** Opening Provided data block **
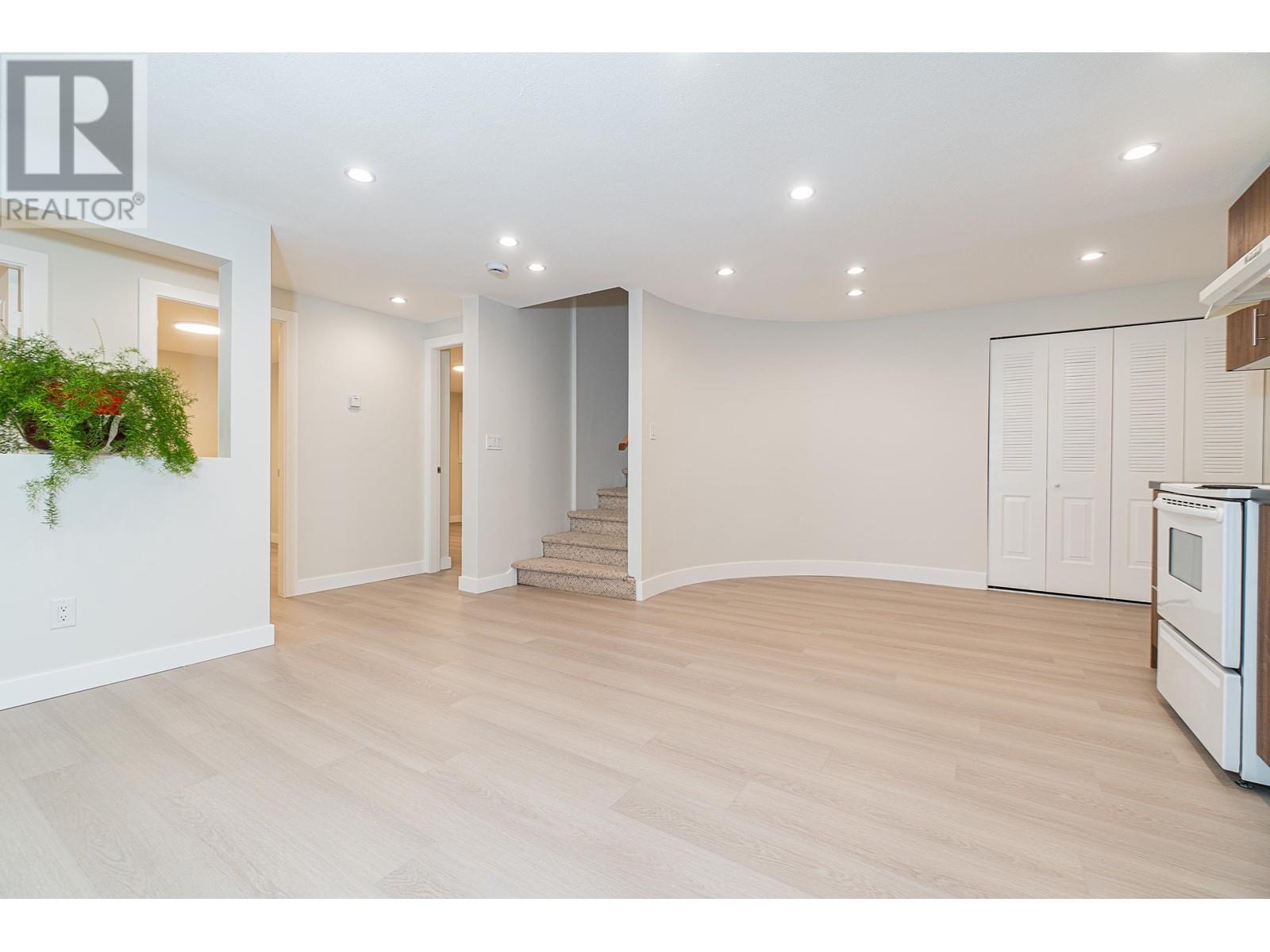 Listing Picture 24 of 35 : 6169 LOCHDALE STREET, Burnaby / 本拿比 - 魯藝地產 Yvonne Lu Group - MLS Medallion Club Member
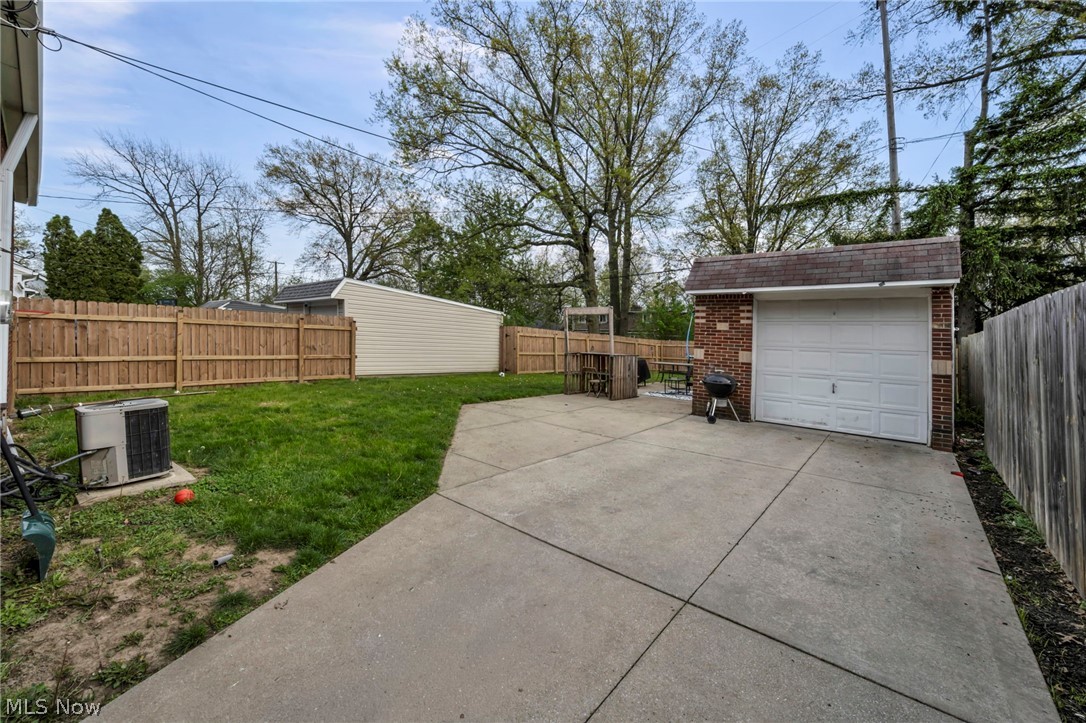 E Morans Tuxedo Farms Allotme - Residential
** Closing Provided data block **
** Opening Provided data block **
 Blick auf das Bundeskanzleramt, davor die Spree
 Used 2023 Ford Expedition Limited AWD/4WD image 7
** Closing Provided data block **
Return exactly the stretch above whose first line contains "Listing Picture 24" and whose last line contains "E Morans Tuxedo Farms Allotme - Residential", and nothing outside it. The pictures should not appear.

Answer for the task:
 Listing Picture 24 of 35 : 6169 LOCHDALE STREET, Burnaby / 本拿比 - 魯藝地產 Yvonne Lu Group - MLS Medallion Club Member
 E Morans Tuxedo Farms Allotme - Residential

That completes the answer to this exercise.